Luisa lo sa molto bene.
La parola
Ignoro, come sia avvenuto e quando, l’incontro tra i versi di Emily Dickinson e i sentimenti di Luisa Lanarca.
La frequentazione delle scrittrici Perla Cacciaguerra, Mimma Pisani, Adele Cambrìa, Elena Gianini Belotti può averlo preparato.
La parola si era già affacciata alla mente di Luisa, che tuttavia aveva preferito non pronunciarla, ma lasciarla inconscia in un fitto groviglio di segni, come simulando un borbottio, o un rumore nel dialogo capovolto di buffi personaggi: due caffettiere napoletane.
Certo è che l’effetto avuto su un temperamento abituato a sottacere le proprie emozioni e a dissimulare i propri sentimenti è stato scatenante.

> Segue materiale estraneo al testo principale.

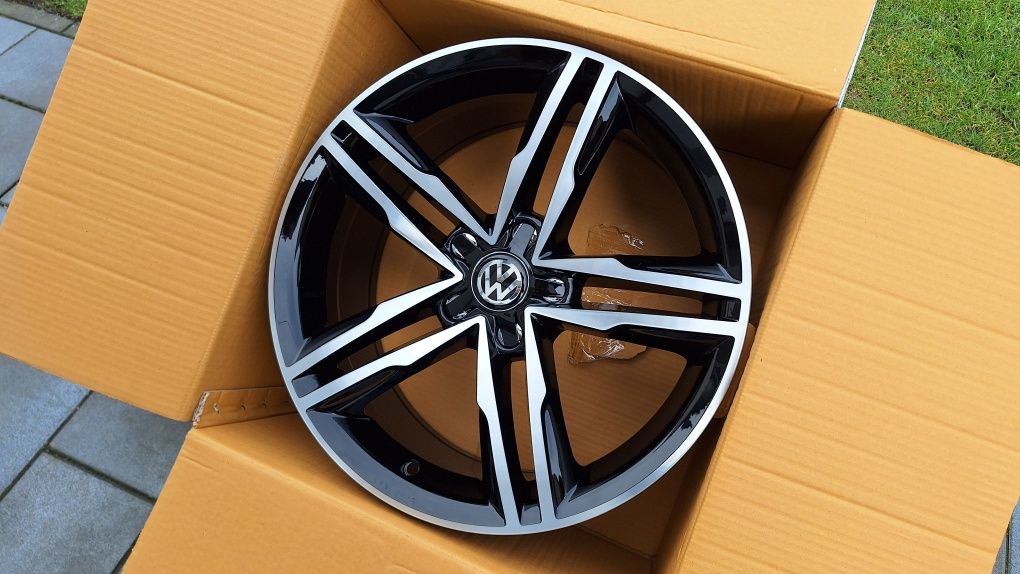 Nowe Alufelgi 5x112 R18 Audi A3 A4 A5 A6 Q5 TT Skoda Octavia Superb Vw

Lo esprimono meglio di ogni altra cosa, i versi che l’artista con un lavoro di molti mesi ha scelto di tracciare per intero in due suoi lavori capitali eseguiti tre il 2024 e il 2025.
Lo spazio cominciò a rintoccare come se tutti i cieli fossero una campana. La mente parve traboccare.
Non si potrebbe essere più espliciti: è una sorta di rivelazione che esprime tutto il turbamento che questa comporta.
Portami il tramonto in una tazza: un’invocazione che nasce dalle fibre più interne dell’essere.
Dove l’ordine del nostro linguaggio razionale s’interrompe ecco che ogni opposizione cessa e che la parola ritrova il proprio senso vitale, la propria liberazione e pienezza.
Luisa Lanarca ha scelto che il filo, qui, non sia più “il filo del discorso” – il logos – ma quel ricongiungimento dell’essere che abbraccia anche l’irrazionale in un sussulto che fa tutt’uno con il proprio desiderio di vivere e di dischiudersi alla grazia della natura e del cosmo. Qui si ha la sintesi fra quella laboriosità – la tessitura – che è simile alla silenziosa preghiera da cui l’universo è tenuto insieme e la luce di quell’amore che è capace di attraversare ogni confine. E la parola poetica di Emily Dickinson, nella cui vita appartata quella di Luisa Lanarca si rispecchia, sembra capace di far giustizia di ogni suo silenzio.